EXERCISE MATERIAL »
BEGIN
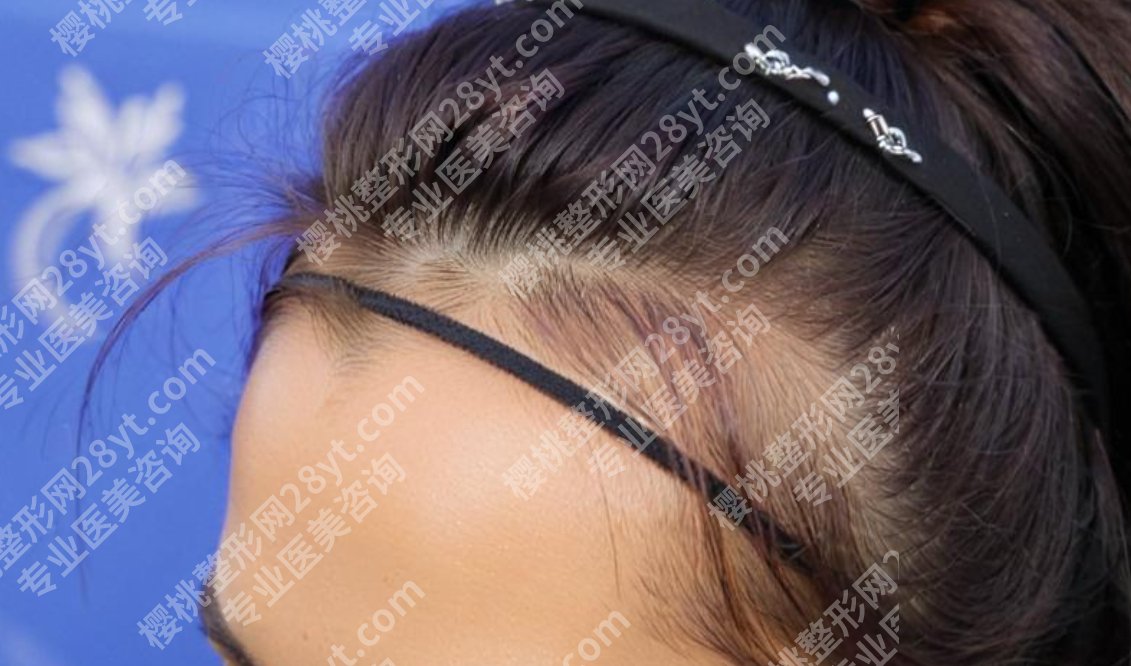 成都丝缘植发医院怎么样?医院地理位置及植发案例参考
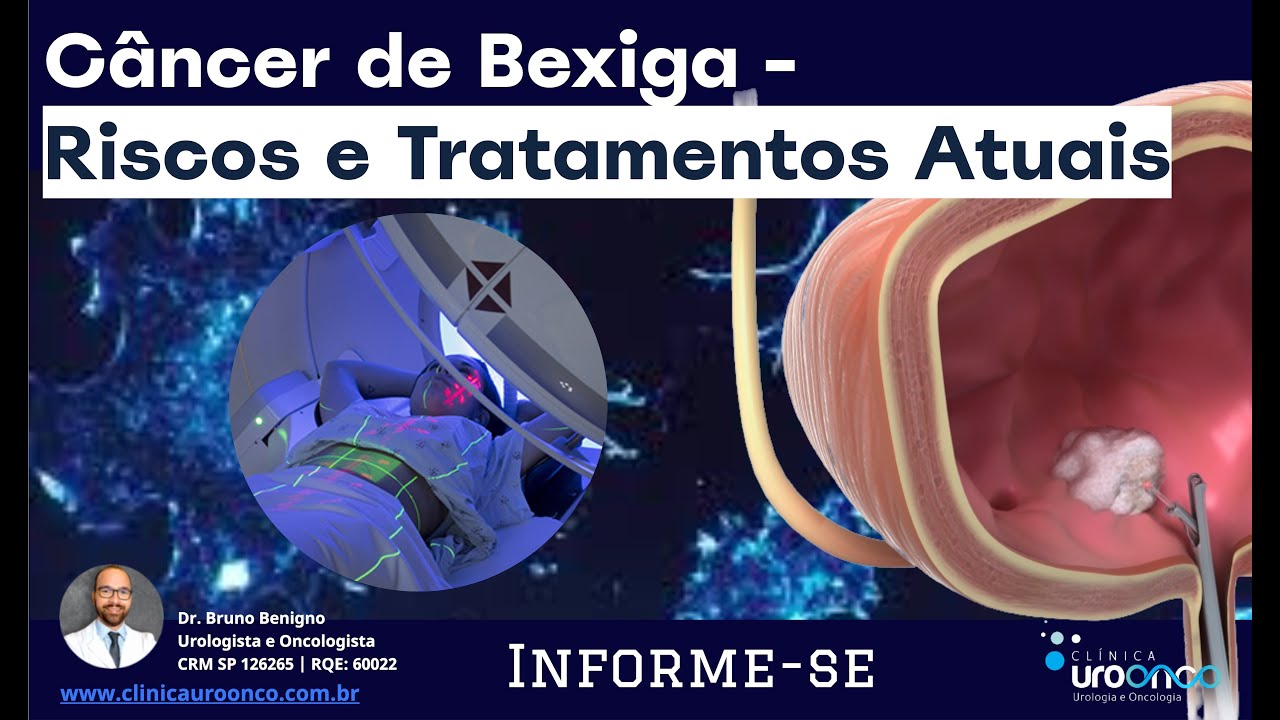 Câncer de Bexiga Superficial aos 30 Anos: Opções de Tratamento e Prognóstico.  Aula para Pacientes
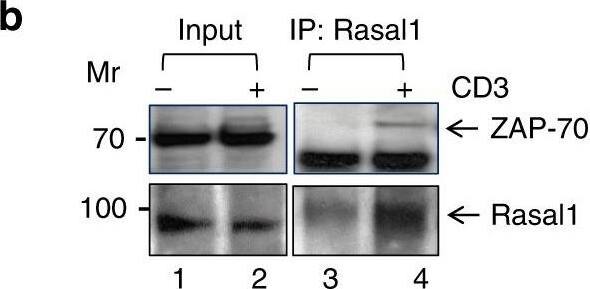 Western Blot: RASAL1 Antibody [NBP1-32776] - Rasal1 binds to the immune cell tyrosine kinase ZAP-70. a Proximity ligation assay (PLA) of Rasal1 & ZAP-70 in Jurkat T-cells stained with DAPI, anti-Rasal1, & anti-ZAP-70. Positive PLA signal (fluorescent dots) indicates a distance of 30–40 nm between Rasal1 & ZAP-70 in anti-CD3-activated T cells, indicating their close proximity (n = 2). b Anti-Rasal1 co-precipitates ZAP-70 from primary mouse T cells. Lane 1–2 loading controls, lanes 3-4: anti-Rasal1 IP: lanes 2 & 4. Cells were stimulated with anti-CD3 ligation for 5 min vs IgG control ligation in lanes 1 & 3. c Anti-Rasal1 co-precipitates ZAP-70 from transfected Jurkat T cells. Lanes 1: nonligated (i.e., IgG); lane 2: anti-CD3 ligated T cells for 5 min. Lower panel shows similar level of ZAP-70 expression in lysates of (n = 2) Image collected & cropped by CiteAb from the following publication (//pubmed.ncbi.nlm.nih.gov/31641113), licensed under a CC-BY license. Not internally tested by Novus Biologicals.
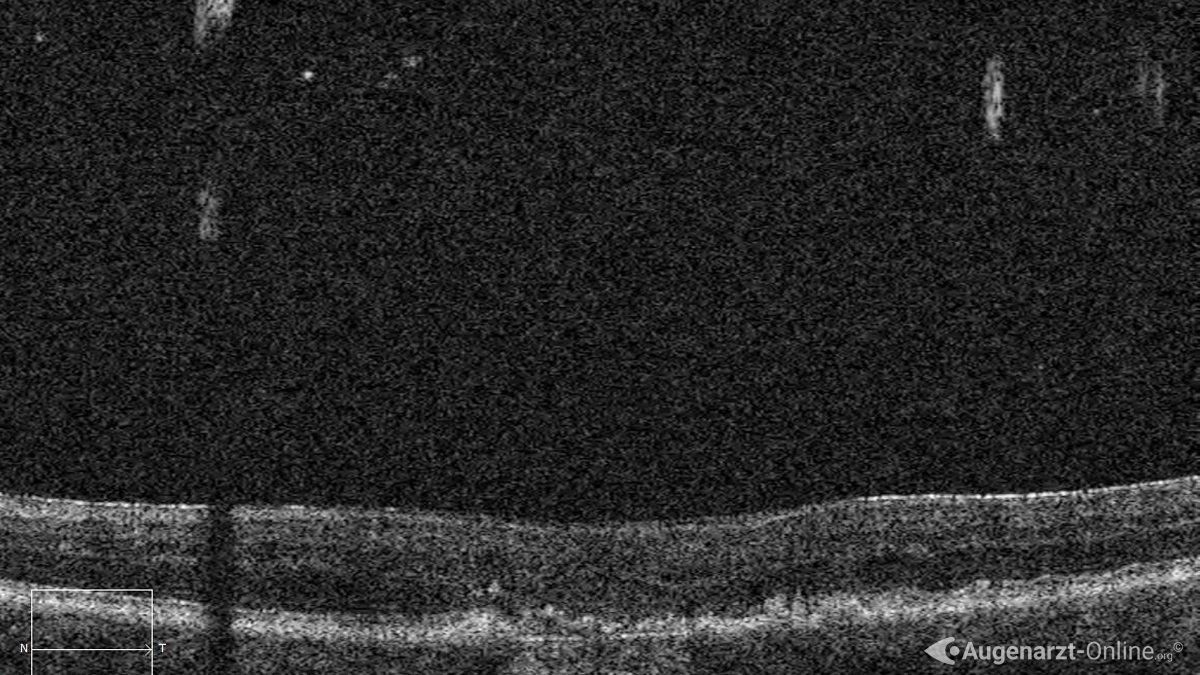 Asteroide Hyalose oder Synchisis Nivea in einer optischen Kohärenztomographie (OCT)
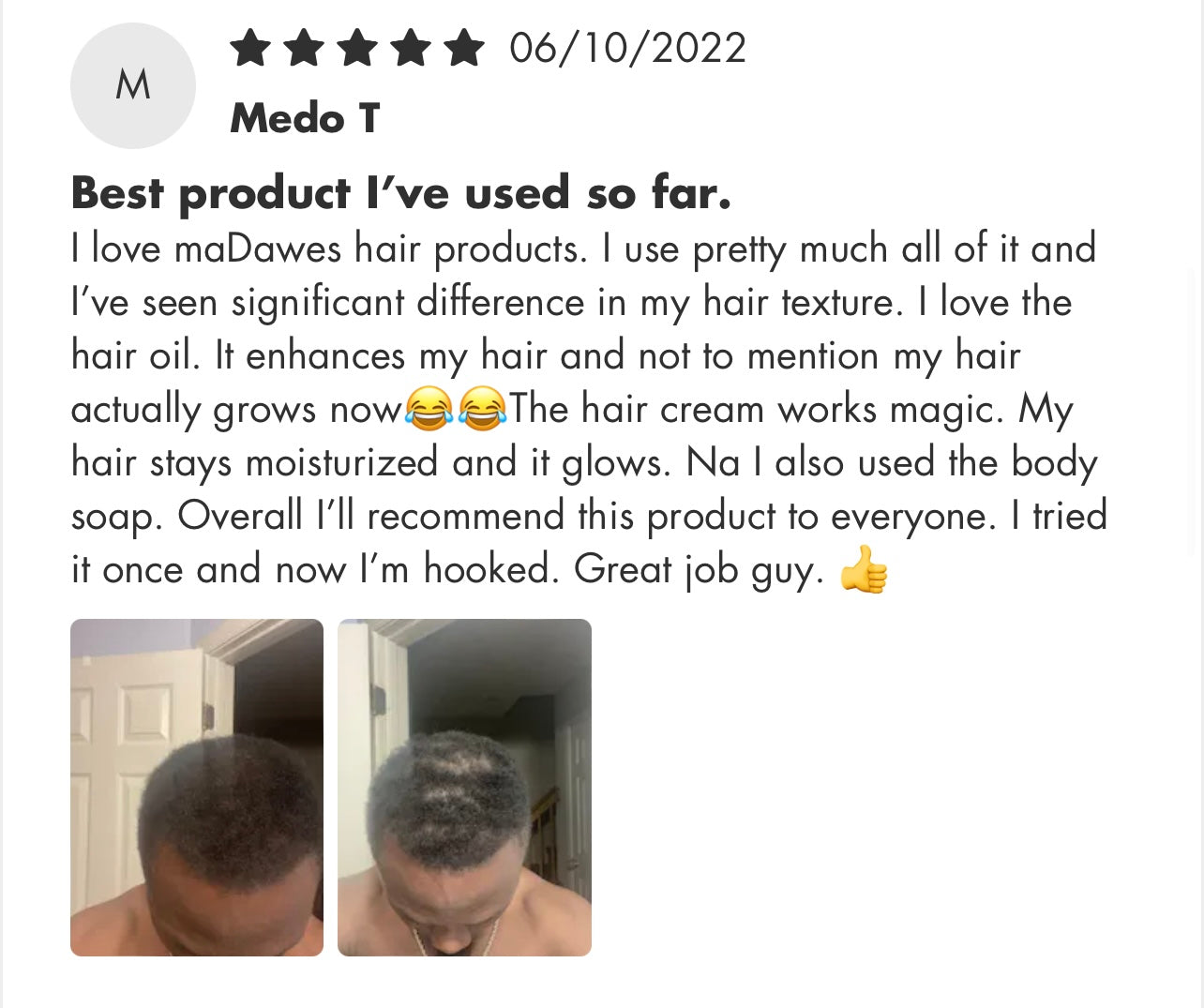 Edge Revival Starter Kit - 30 Days to Healthier Edges”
END
YOUR ASSIGNMENT » Your task is to print exactly the lines from the one containing "Western Blot: RASAL1" through the final line of the records above, with no pictures and nothing more.

SOLUTION »
 Western Blot: RASAL1 Antibody [NBP1-32776] - Rasal1 binds to the immune cell tyrosine kinase ZAP-70. a Proximity ligation assay (PLA) of Rasal1 & ZAP-70 in Jurkat T-cells stained with DAPI, anti-Rasal1, & anti-ZAP-70. Positive PLA signal (fluorescent dots) indicates a distance of 30–40 nm between Rasal1 & ZAP-70 in anti-CD3-activated T cells, indicating their close proximity (n = 2). b Anti-Rasal1 co-precipitates ZAP-70 from primary mouse T cells. Lane 1–2 loading controls, lanes 3-4: anti-Rasal1 IP: lanes 2 & 4. Cells were stimulated with anti-CD3 ligation for 5 min vs IgG control ligation in lanes 1 & 3. c Anti-Rasal1 co-precipitates ZAP-70 from transfected Jurkat T cells. Lanes 1: nonligated (i.e., IgG); lane 2: anti-CD3 ligated T cells for 5 min. Lower panel shows similar level of ZAP-70 expression in lysates of (n = 2) Image collected & cropped by CiteAb from the following publication (//pubmed.ncbi.nlm.nih.gov/31641113), licensed under a CC-BY license. Not internally tested by Novus Biologicals.
 Asteroide Hyalose oder Synchisis Nivea in einer optischen Kohärenztomographie (OCT)
 Edge Revival Starter Kit - 30 Days to Healthier Edges”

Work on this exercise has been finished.